Sin embargo, la convivencia con mis parejas y la evitación de conflictos, unido a los eventos de socialización, me llevó a buscar un equilibrio entre mis deseos y la fluidez de las relaciones. Por tanto, seguí comiendo carne, -evitando siempre la proveniente de los mamíferos-, y pescado.
Después de tener a mi segunda hija, coincidiendo con un proceso de cambio de mi vida a otros niveles, decidí eliminar la carne por completo de mi dieta. Un año más tarde, eliminé también el pescado, aunque los eventos sociales se hicieron más complicados, donde irremediable y constantemente, mi decisión dietética era cuestionada por el resto de comensales.
Un año más tarde después de haber dejado de comer también pescado, cuando hicimos el primer viaje en velero por las Rías Baixas, ante la imposibilidad de alimentarme de otra cosa, volví a comer pescado.
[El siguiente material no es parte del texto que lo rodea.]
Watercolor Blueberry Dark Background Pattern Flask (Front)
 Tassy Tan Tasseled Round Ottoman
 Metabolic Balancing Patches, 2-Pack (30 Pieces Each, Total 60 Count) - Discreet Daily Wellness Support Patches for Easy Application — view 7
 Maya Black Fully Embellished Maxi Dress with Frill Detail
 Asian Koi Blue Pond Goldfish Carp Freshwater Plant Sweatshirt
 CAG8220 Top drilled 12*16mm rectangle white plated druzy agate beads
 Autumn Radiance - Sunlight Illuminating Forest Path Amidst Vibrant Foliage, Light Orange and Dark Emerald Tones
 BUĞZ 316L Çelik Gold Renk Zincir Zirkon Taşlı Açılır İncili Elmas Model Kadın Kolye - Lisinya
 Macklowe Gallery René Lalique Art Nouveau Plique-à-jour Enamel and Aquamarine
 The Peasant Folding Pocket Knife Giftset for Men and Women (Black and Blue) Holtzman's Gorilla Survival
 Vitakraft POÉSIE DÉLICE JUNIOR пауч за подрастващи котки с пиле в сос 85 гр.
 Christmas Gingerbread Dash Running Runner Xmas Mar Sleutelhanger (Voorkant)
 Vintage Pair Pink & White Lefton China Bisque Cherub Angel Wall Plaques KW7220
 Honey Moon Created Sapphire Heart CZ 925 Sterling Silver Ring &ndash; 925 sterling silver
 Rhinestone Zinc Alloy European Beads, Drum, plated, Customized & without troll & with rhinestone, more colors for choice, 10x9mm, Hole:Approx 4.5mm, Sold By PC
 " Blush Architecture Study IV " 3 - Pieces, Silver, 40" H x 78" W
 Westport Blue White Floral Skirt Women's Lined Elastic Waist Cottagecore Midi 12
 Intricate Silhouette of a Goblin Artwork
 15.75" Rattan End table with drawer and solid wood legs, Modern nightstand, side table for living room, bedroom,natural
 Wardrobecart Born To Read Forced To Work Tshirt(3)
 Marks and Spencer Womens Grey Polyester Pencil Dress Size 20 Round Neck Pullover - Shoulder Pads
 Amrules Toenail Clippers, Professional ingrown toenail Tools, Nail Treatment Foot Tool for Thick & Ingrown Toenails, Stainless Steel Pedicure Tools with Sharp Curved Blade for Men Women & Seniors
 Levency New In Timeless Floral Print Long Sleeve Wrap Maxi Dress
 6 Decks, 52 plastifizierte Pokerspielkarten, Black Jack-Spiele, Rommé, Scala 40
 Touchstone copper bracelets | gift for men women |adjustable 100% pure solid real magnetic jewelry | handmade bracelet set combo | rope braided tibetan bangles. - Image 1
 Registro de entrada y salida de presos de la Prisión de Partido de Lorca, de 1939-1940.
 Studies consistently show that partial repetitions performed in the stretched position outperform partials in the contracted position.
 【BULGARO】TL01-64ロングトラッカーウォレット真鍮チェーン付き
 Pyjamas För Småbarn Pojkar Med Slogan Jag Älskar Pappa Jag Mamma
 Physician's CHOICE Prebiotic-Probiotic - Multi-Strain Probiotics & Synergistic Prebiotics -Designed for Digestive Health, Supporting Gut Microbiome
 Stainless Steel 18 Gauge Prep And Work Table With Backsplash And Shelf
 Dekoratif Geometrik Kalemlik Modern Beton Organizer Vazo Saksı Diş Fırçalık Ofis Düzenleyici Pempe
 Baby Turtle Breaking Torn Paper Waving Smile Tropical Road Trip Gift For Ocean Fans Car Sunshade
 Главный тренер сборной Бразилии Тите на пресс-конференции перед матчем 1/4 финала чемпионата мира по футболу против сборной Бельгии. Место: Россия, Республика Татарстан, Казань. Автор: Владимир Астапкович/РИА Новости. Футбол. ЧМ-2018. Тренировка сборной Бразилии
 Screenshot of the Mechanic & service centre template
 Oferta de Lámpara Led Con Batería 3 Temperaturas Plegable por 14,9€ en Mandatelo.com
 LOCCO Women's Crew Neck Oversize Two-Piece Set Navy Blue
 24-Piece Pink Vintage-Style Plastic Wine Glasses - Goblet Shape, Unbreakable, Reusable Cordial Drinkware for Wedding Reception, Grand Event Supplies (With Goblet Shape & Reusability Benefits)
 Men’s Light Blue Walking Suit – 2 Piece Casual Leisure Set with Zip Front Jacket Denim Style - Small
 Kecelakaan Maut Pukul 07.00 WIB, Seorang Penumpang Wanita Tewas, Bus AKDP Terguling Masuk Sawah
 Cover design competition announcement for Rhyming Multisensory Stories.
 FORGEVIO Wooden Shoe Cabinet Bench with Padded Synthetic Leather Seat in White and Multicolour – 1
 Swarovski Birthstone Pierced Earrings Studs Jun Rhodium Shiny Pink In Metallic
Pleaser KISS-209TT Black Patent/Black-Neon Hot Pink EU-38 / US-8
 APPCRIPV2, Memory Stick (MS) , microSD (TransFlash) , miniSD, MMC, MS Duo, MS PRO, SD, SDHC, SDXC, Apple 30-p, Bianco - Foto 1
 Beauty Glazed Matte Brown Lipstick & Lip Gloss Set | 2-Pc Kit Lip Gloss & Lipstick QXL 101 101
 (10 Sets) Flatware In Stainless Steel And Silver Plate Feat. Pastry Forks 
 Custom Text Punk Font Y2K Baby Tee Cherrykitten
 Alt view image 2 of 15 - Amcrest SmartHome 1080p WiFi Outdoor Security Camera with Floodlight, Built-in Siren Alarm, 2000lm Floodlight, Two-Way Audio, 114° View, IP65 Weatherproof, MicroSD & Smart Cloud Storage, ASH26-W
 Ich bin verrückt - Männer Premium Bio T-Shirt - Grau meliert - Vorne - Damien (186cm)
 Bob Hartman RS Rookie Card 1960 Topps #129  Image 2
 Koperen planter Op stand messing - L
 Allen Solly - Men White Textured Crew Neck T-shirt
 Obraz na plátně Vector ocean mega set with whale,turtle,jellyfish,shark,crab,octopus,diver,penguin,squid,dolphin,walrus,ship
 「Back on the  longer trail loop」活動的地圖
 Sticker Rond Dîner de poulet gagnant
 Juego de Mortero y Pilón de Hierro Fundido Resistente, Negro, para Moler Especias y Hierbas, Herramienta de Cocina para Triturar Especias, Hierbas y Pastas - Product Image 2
Mi cuerpo reaccionó ante la ingesta, con una pesadez intensa en el estómago, que continúo teniendo, cuando como algo de pescado. Hecho que ocurre sólo cuando como con alguien, ya que cuando como sola, sólo ingiero alimentos de origen vegetal.
La respuesta a la pregunta, tantas veces formulada, de si me encuentro bien sin comer carne, por supuesto que sí. Hace ocho años que no como carne y que he reducido la ingesta de pescado a la mínima expresión, y mi cuerpo está mejor que nunca. Sigo con mi hiperactividad habitual, -tanto física como mental-, mis digestiones son mucho mejores, sin la lentitud y pesadez de cuando comía alimentos de origen animal. Y lo más importante, siento que hago lo que siempre quise hacer, desde pequeña, cuando le suplicaba a mis padres o a mis abuelos, que no me obligasen a comer esos alimentos, sin suerte, debiendo olvidar durante muchos años mi reivindicación.
La respuesta a otra pregunta recurrente sobre qué les doy de comer a mis hijos, es que mis hijos comen de todo. No quiero condicionarles, y por el momento, no me piden que deje de darles de comer carne o pescado. Es cierto que teniendo en cuenta que de lunes a viernes comen en el comedor del colegio, y que el 50% del tiempo están con su padre, que sí come carne, es prácticamente imposible decidir qué dieta deben seguir. Más adelante, al igual que con la religión, mis hijos tendrán criterio para decidir en qué consiste su dieta. Espero que para entonces, lo tengan más fácil que yo socialmente, y no se les cuestione, ni se les etiquete como excéntricos por decidir no comer animales.